Of the eight teams to make it to Saturday’s softball state championship teams, only three made it to the final day of the season last year, and only two of the four champions can be repeats.
One of this year’s finalists has the chance to win its school’s first softball state title, while three others can break some long droughts.
As often as it seems that Scarborough is in a softball state championship game, the Red Storm haven’t played in the state final in an even-numbered year since 1998 — when they were still a Class B program.
Still, the Red Storm are the defending champions and played like it this season. Scarborough enters the state final 19-0, thanks to a nine-inning victory over Thornton Academy in the South regional final. That was the team’s closest game all season, and except for a two-run victory over the Trojans during the regular season, no opponent played the Red Storm within six runs.
Chloe Griffin helped pace the Red Storm in both the circle and at the plate, pitching to a 13-0 record while hitting .451. The team combined for 26 home runs, with Bella Dickinson and Hunter Greenleaf smacking six each. Outfielder Laura Powell as a first-team all-SMAA selection, while first baseman Felicia O’Reilly was named to the second team.
The Red Storm’s opponent this year, North champion Oxford Hills, hasn’t been to the state final since 1998-99. The Vikings made it to the regional final last year, and they brought back much of that roster. Sophomore starting pitcher Lauren N. Merrill improved in her second year in the circle, and the Vikings have a veteran infield that has backed up the contact pitcher who excels at hitting her spots.
The Vikings’ lineup is balanced, and as Skowhegan coach Lee Johnson attested to after losing to Oxford Hills in the North final, they are deep. When the Vikings do get on, they like to run the bases and put pressure on the opposing defense. Much of the lineup has home-run power as well.
Oxford Hills will need to score runs, like it did in the regional final, in order to keep pace with a Scarborough offense that lit up much of the competition in the South this season.
Two new finalists will meet in the Class B state title game, and they took different paths to get there.

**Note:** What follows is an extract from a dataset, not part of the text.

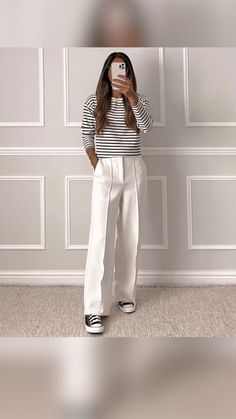 Tan Pants Navy Top Outfit, Classic French Wardrobe Essentials, Tee And Trousers Outfit, Expensive Mom Outfit, Style For Small Women, Women’s Style Over 50, Cream Cords Outfit, Women’s Fashion Spring Summer 2023, Classic Modern Style Fashion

North champion Brewer dropped down from Class A — where the Witches last played in and won the state title in 2008 — and took down all opponents on its way to a 19-0 record entering the final. Junior pitcher Libby Hewes did it all for the Witches, both pitching and hitting.
Scoring runs hasn’t been a problem for the Witches as a team. They haven’t been held to less than three runs, and they’ve scored at least six in every game since the calendar turned to May.
South champ Greely, on the other hand, advanced to its first state title game since 2013 on the back of a pair of 1-0 victories. The Rangers, who are in search of their first state title since 2002, came out of the South as the No. 6 seed.
They are led by senior pitcher Kelsey Currier, who has been lights-out the past two games. Currier admitted after a semifinal win over Gray-New Gloucester that they feels like an underdog. And with Currier and catcher Maddie Rawsnley as the only seniors, the Rangers weren’t expected to get to Saturday’s final.
It certainly didn’t look that way during a five-game losing streak during the middle of the season. Head coach Rob Hale said early in the season he would have been disappointed if his team didn’t make it to the regional final, but by the time a fifth straight loss came around that felt like a dwindling hope.
But now the Rangers are in the state final, where they will be underdogs against a mighty Brewer team that will be playing on its home field.
Madison has made it back to the state final for the third year in a row. However, a state championship rubber match against Bucksport was denied when North champion Narraguagus ousted the Bucks in the regional final.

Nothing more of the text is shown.